#ReDI #26s_dcp_data_circle #data_project
Original idea proposed by Nelson in 2024 as a student project for the Data Circle course at ReDI School of Digital Integration.
This project uses a structured, end-to-end analytical workflow to investigate global developer trends using the Stack Overflow 2025 Developer Survey dataset. It ensures statistical rigour, reproducibility, and alignment with industry benchmarks to provide actionable insights into the evolving professional landscape, identify high-value skill sets, and support data-driven career positioning.
This project uses the 2025 Stack Overflow Developer Survey dataset, a comprehensive primary source representing the global software development ecosystem. Stack Overflow conducted a structured online survey targeting developers of all experience levels and specialisations.
This case study examines the complex factors that influence global developer salaries using advanced regression techniques on the 2025 Stack Overflow dataset. The primary objective is to quantify the predictive power of various indicators — age, formal education level, professional experience, developer roles, employment, work environment, geographic location, etc. — on annual compensation. The study will serve as a data-driven benchmark for students to assess their career prospects and negotiate compensation based on objective global market trends.
- Form teams (2-3 students) and assign roles
- Identify required datasets
- Get raw data and check if it is complete
- Set up project environment, GitHub repository, and documentations
- Choose required features to answer your questions
- Clean and standardise raw fields
- Handle missing values, duplicates, and inconsistent formats
- Normalise numeric fields and parse text‑based features
- Produce a first “clean dataset” for exploration
- Analyse distributions, outliers, and skewness
- Explore relationships between features
- Generate geographic visualisations
- Document insights that inform feature engineering and modelling
- Create new features (programming languages, frameworks, tools)

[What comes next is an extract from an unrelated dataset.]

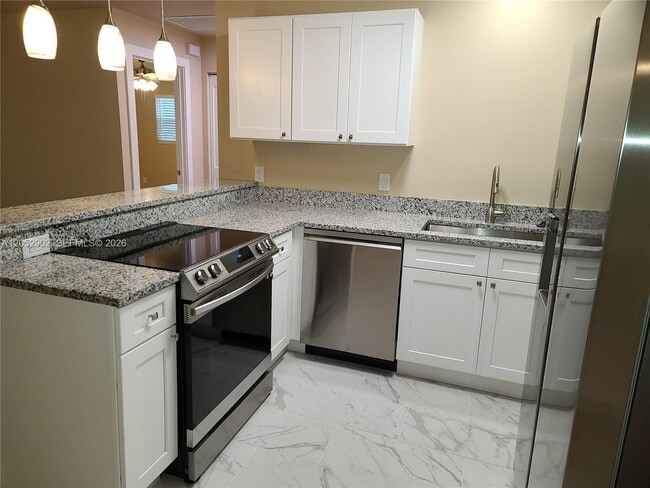 Building Photo - 4491 SE Roaring Brook Way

- Finalise modelling dataset with all engineered features
- Split the final dataset into training (75-80% observations) and test (25-30% observations) datasets
- Train baseline models (e.g., linear regression) for interpretability
- Evaluate performance metrics
- Identify feature gaps or data issues requiring refinement
- Train ensemble models (e.g., Random Forest, Gradient Boosting, CatBoost)
- Tune hyperparameters using k‑fold cross‑validation
- Compare models on cross‑validated performance metrics
- Select top candidates for final evaluation
- Evaluate final models on the test set
- Interpret model results to identify which features have the strongest impact (SHAP or similar techniques)
- Create visualizations showing feature importance
- Document model strengths, limitations, and interpretability findings
- Build interactive dashboard (Streamlit)
- Include maps visualisations, predictions, feature importance
- Compile full project report (methodology, results, recommendations)
- Deliver model, data dictionary, and reproducibility notes
- Give next‑phase recommendations (e.g., deployment, monitoring, further improvements)